* PROBLEM DESCRIPTION
Return an exact copy of the data, starting at its first line and ending at the line that contains "6FT Easter Egg", minus any pictures.

BEGIN

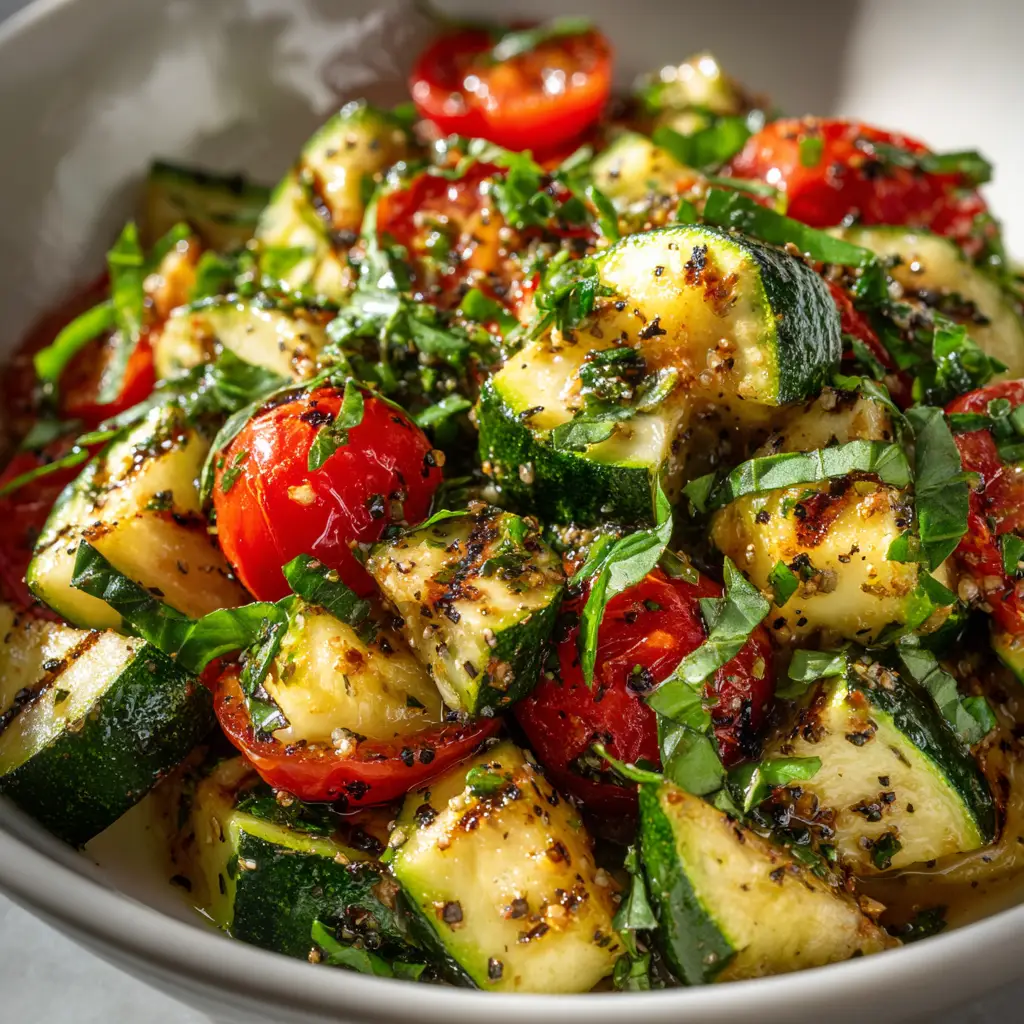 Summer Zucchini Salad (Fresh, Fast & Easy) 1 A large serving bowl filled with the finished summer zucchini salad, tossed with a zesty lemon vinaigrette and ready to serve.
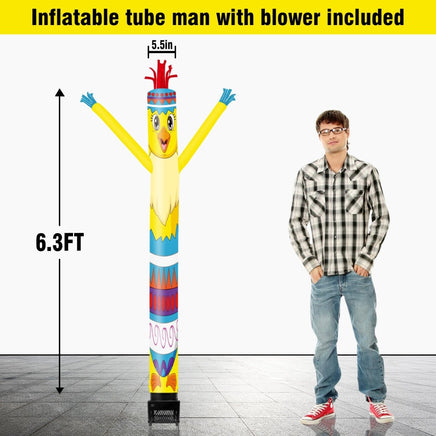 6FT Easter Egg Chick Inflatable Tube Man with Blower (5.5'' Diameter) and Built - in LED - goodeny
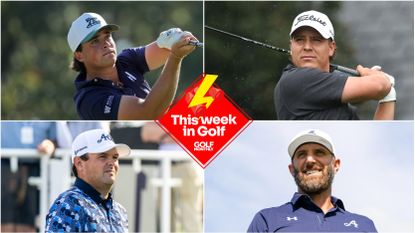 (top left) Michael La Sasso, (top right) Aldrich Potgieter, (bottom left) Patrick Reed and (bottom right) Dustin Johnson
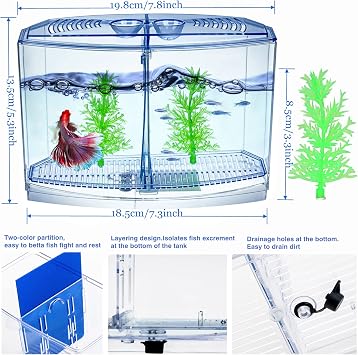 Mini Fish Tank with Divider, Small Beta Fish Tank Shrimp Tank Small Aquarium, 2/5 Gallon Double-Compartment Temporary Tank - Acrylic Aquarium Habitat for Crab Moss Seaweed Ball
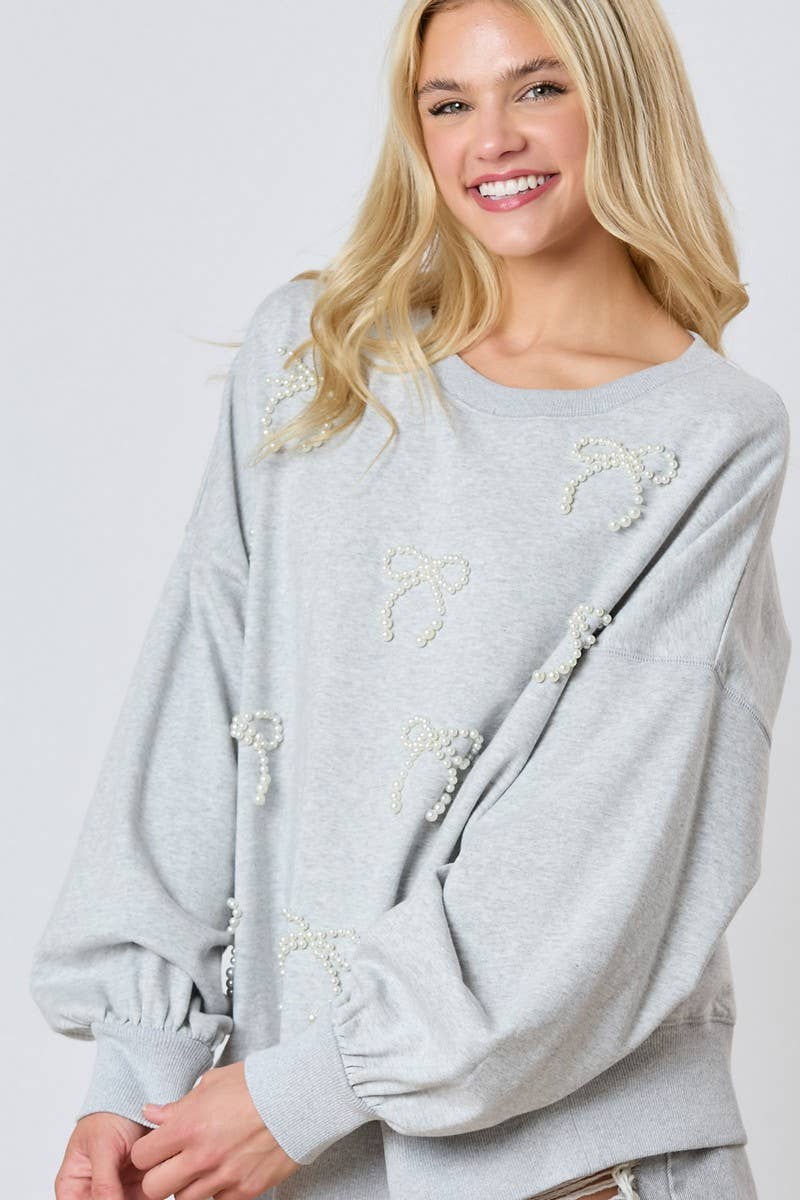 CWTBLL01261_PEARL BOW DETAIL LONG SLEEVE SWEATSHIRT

END

* TASK ANSWER
 Summer Zucchini Salad (Fresh, Fast & Easy) 1 A large serving bowl filled with the finished summer zucchini salad, tossed with a zesty lemon vinaigrette and ready to serve.
 6FT Easter Egg Chick Inflatable Tube Man with Blower (5.5'' Diameter) and Built - in LED - goodeny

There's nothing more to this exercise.